[Stored data entries]
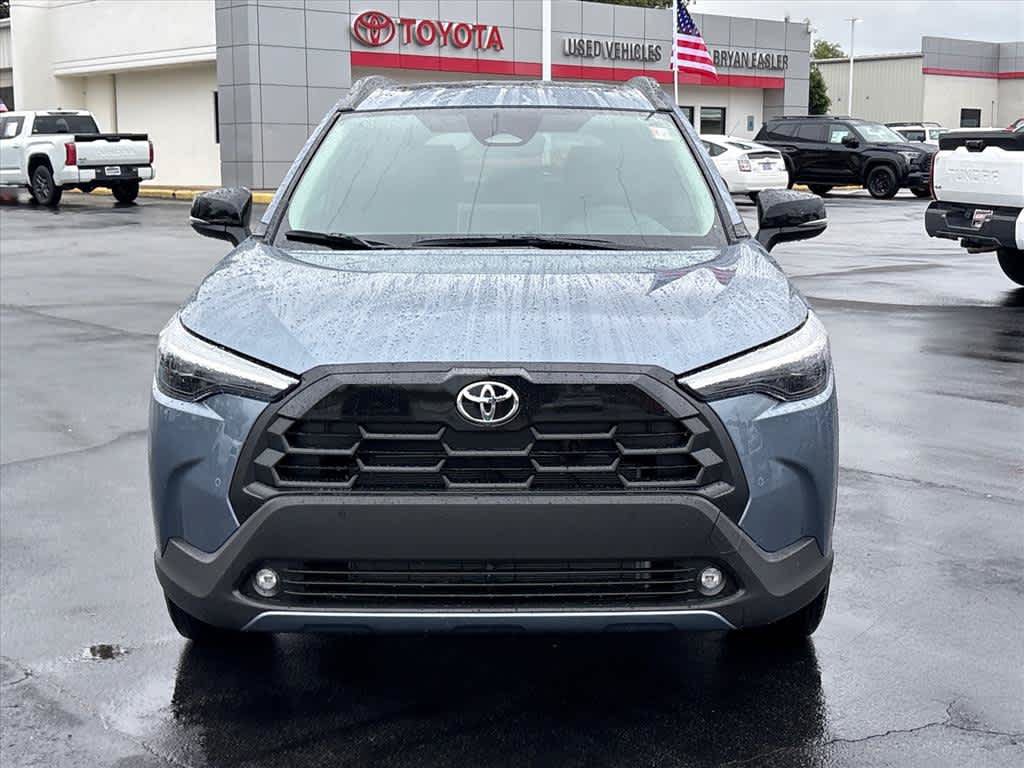 Used 2026 Toyota Corolla Cross XLE w/ Convenience Package FWD image 24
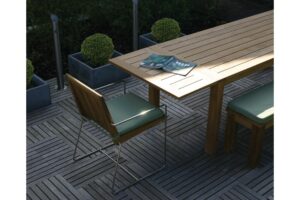 antibes table with leaves & tripoli chair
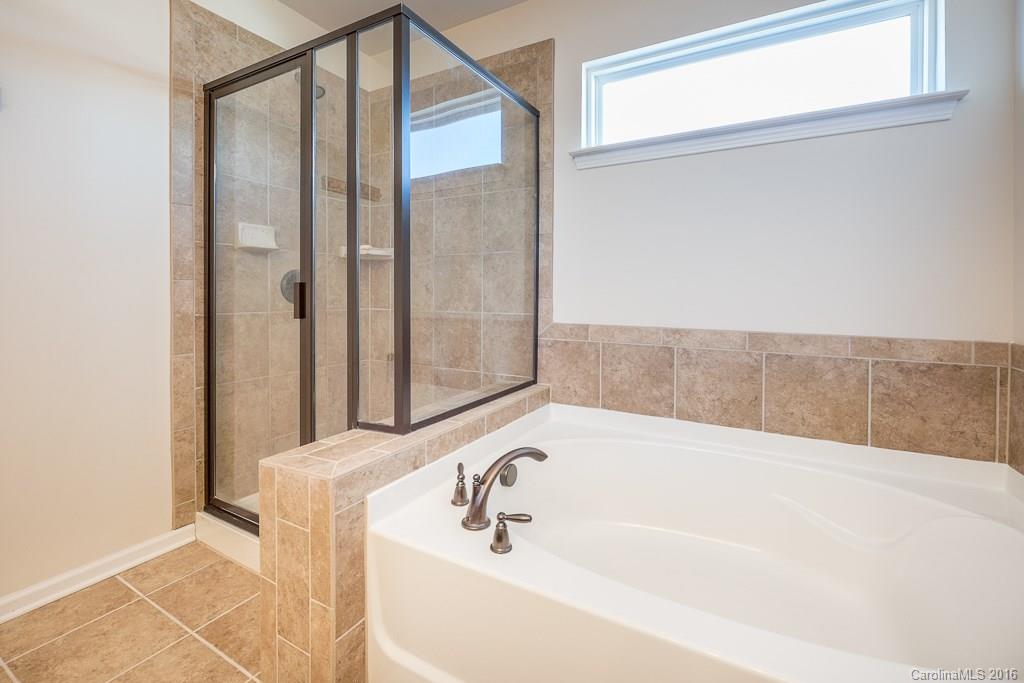 8902 Paddle Oak Road, Unit 402 Charlotte, NC 28227 - Photo 16 of 24 Gallery Image 16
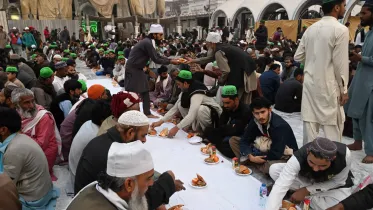 পাকিস্তানে মসজিদের সামনে ইফতারের আয়োজন। ছবি: ডন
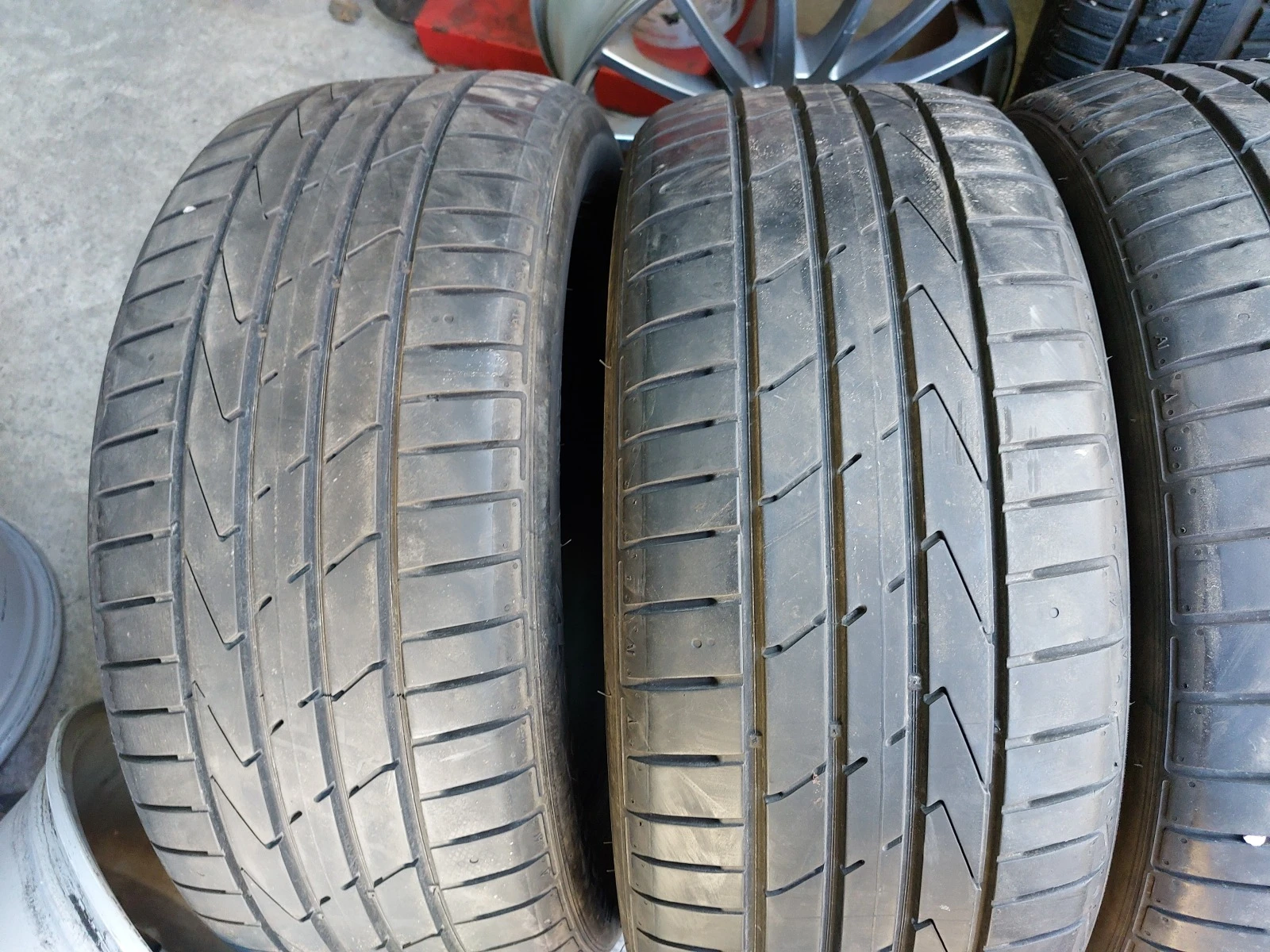 ���� 225/50R17 | Mobile.bg � ����������� 2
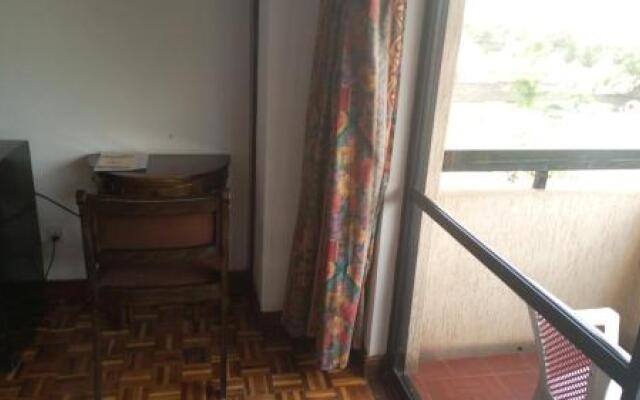 Hotel Cathay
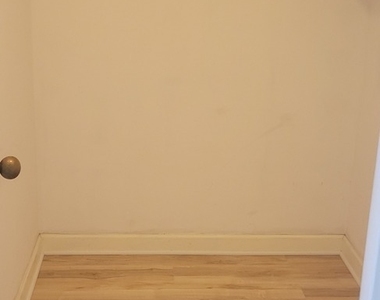 10 E Ontario Street - Photo Thumbnail 12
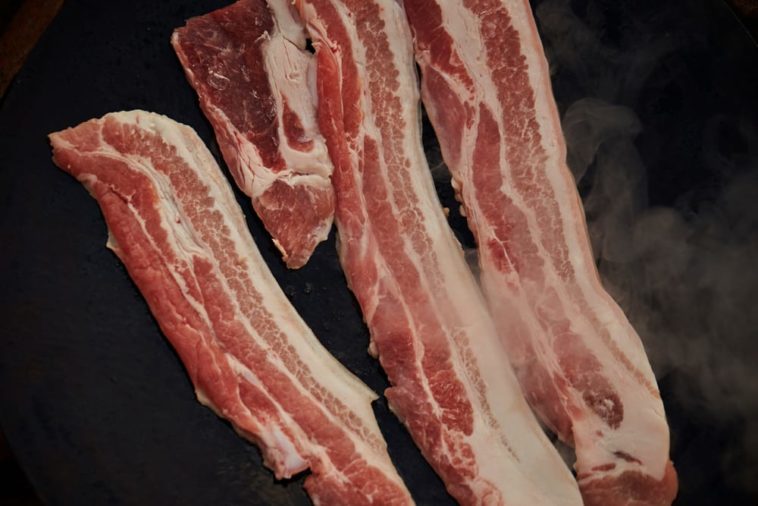 Should beef smell like rotten eggs?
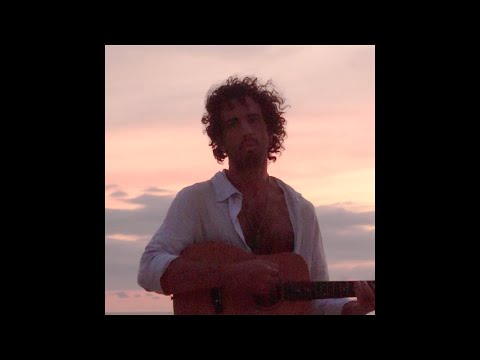 AVEPARADISO - Victoria (Official Video)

_YOUR OBJECTIVE_.
Every line from the one containing "antibes table with leaves & tripoli chair" through the end of the records is to be returned exactly, and those lines alone; pictures are dropped.

_COMPLETED EXERCISE_.
 antibes table with leaves & tripoli chair
 8902 Paddle Oak Road, Unit 402 Charlotte, NC 28227 - Photo 16 of 24 Gallery Image 16
 পাকিস্তানে মসজিদের সামনে ইফতারের আয়োজন। ছবি: ডন
 ���� 225/50R17 | Mobile.bg � ����������� 2
 Hotel Cathay
 10 E Ontario Street - Photo Thumbnail 12
 Should beef smell like rotten eggs?
 AVEPARADISO - Victoria (Official Video)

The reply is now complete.